It’s romantic—the notion of being in such close union with a partner that when your skin touches, it’s hard to tell what is yours and what is theirs.

I’ve had a similar experience with my daughter when we would cuddle in bed as she nursed. While stroking her chubby little wrist, visually and logically I knew we were separate individuals, but we were so connected. In the middle of the night, I would wake up seconds before her. We got the hiccups at the same time, and when she learned to crawl, I would wake up just before she was about to fall off the bed—soon after, we purchased a bed railing.

Once she reached her toddler years, this entanglement expressed itself in not so endearing ways. I took personally her extreme and unbridled expression of emotion and felt worn down, exhausted, and like a failure if she was having a challenging day or even a challenging moment.

Her roller coaster of emotions passed through her like clouds and didn’t seem to phase her, while they left me traumatized, waiting anxiously for the next outburst or crying spell.

In past romantic relationships, I’ve been completely swept up in falling in love.

I gave endlessly, trying to avoid abandonment, and endured physical and emotional abuse, shame, blame, neglect, and criticism. I drove across the country and flew thousands of miles in the name of “love”—all so that I wouldn’t be left alone.

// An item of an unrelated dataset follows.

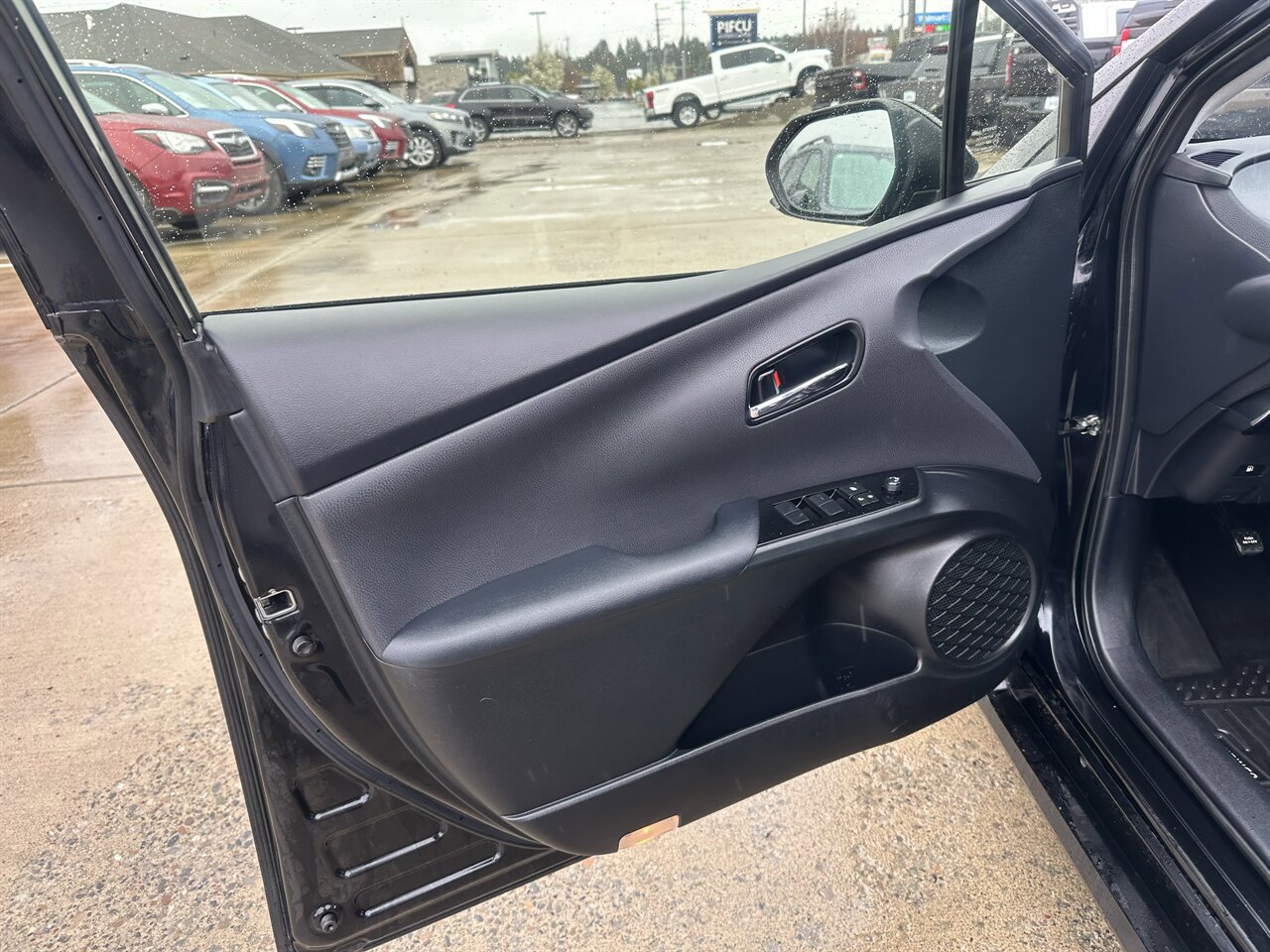 Used 2022 Toyota Prius AWD image 48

My single girlfriends have remarked almost spitefully that I’ve never had a problem “finding a guy”—which has been true. The problem has been that I’ve never found anything wrong with losing myself in one either, until now.

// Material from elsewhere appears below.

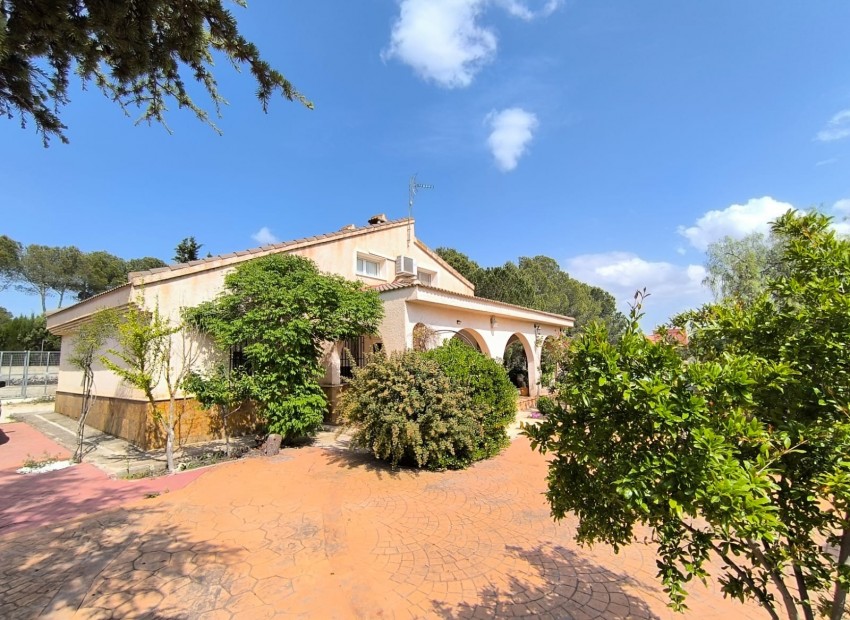 Revente - Villa -
Yecla - Inland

It’s not okay to lose yourself to a partner, to a baby, to an identity, to a job, to anything, and I have had to learn this the hard way. The word boundaries had always been elusive—one of those words that kept popping up all my life, and I never bothered to look deeper. What exactly does “setting boundaries” mean? Does it mean that I’d tell someone they couldn’t do something and they just wouldn’t do it? Until this past year, I had no understanding of what having boundaries really meant.

Having dealt with both childhood abandonment issues and traumatic abusive relationships involving addiction, I have had a tendency to become codependent in relationships. In addition, I’d choose partners, friends, and situations that put me in a place of over-giving to prove my worth, of over-committing and letting things go until I felt resentful. In the end, I’d find myself running away or burning bridges—usually both.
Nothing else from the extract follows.